▸ **WHAT THE TASK ASKS**:
Using the listing below, set down exactly the lines starting at the line that contains "Art Deco Copper" and ending at the line that contains "AI Audio & Video", both included, and no others.

▸ **EXTRACTED MATERIAL**:

• • •

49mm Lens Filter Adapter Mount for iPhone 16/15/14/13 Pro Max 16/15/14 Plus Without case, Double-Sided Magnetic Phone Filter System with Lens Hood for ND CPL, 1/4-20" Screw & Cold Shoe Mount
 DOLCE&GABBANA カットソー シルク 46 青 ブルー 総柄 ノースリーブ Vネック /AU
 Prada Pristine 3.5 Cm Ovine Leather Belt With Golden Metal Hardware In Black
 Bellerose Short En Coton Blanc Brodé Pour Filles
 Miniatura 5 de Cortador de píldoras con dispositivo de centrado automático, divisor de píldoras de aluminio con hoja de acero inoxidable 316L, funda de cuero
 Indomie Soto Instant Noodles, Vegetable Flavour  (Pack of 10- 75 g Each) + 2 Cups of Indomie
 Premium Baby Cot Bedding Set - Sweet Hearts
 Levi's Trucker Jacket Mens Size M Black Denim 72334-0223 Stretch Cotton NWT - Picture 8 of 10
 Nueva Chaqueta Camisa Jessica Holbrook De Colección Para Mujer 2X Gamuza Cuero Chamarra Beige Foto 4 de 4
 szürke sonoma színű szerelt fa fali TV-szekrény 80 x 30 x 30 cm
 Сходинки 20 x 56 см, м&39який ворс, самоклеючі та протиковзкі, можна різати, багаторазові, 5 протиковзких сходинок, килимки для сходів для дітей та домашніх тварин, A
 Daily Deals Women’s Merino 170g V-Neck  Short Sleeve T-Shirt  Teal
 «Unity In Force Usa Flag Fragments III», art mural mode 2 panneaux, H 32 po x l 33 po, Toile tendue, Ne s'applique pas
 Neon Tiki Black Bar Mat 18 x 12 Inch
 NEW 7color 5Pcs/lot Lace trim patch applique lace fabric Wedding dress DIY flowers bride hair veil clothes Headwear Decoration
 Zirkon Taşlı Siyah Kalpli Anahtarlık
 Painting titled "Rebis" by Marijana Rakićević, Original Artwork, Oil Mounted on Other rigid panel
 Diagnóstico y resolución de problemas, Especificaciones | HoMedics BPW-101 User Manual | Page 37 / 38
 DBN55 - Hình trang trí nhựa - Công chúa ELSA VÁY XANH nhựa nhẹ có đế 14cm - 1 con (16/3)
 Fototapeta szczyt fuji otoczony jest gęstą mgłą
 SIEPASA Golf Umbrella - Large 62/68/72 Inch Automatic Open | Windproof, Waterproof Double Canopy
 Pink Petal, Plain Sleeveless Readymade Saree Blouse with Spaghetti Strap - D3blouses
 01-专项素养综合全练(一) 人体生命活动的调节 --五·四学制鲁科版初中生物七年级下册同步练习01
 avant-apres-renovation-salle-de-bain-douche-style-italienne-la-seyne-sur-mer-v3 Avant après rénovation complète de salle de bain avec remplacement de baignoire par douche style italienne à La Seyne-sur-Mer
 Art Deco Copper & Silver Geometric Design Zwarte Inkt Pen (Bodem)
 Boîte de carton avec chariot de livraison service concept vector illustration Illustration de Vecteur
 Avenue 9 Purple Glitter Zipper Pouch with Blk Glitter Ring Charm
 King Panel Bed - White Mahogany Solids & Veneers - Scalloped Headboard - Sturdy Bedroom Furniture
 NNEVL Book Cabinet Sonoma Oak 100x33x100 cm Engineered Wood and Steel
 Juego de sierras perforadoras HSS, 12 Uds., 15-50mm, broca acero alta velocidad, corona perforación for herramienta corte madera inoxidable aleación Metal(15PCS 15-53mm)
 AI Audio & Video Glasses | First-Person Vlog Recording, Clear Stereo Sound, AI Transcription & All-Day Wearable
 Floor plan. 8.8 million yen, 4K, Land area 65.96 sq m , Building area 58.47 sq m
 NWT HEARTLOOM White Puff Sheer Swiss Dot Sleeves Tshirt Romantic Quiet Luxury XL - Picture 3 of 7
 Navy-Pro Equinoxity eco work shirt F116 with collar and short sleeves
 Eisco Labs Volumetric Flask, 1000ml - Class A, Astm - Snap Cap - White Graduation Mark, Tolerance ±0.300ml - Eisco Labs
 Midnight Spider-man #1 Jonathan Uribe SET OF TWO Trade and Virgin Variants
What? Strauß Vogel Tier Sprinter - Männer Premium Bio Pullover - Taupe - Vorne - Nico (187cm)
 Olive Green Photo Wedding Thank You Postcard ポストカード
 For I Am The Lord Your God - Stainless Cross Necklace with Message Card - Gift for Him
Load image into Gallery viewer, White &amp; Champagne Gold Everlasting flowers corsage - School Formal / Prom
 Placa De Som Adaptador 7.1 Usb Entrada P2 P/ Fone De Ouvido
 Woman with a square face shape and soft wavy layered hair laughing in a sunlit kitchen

• • •

▸ **FINISHED TASK**:
 Art Deco Copper & Silver Geometric Design Zwarte Inkt Pen (Bodem)
 Boîte de carton avec chariot de livraison service concept vector illustration Illustration de Vecteur
 Avenue 9 Purple Glitter Zipper Pouch with Blk Glitter Ring Charm
 King Panel Bed - White Mahogany Solids & Veneers - Scalloped Headboard - Sturdy Bedroom Furniture
 NNEVL Book Cabinet Sonoma Oak 100x33x100 cm Engineered Wood and Steel
 Juego de sierras perforadoras HSS, 12 Uds., 15-50mm, broca acero alta velocidad, corona perforación for herramienta corte madera inoxidable aleación Metal(15PCS 15-53mm)
 AI Audio & Video Glasses | First-Person Vlog Recording, Clear Stereo Sound, AI Transcription & All-Day Wearable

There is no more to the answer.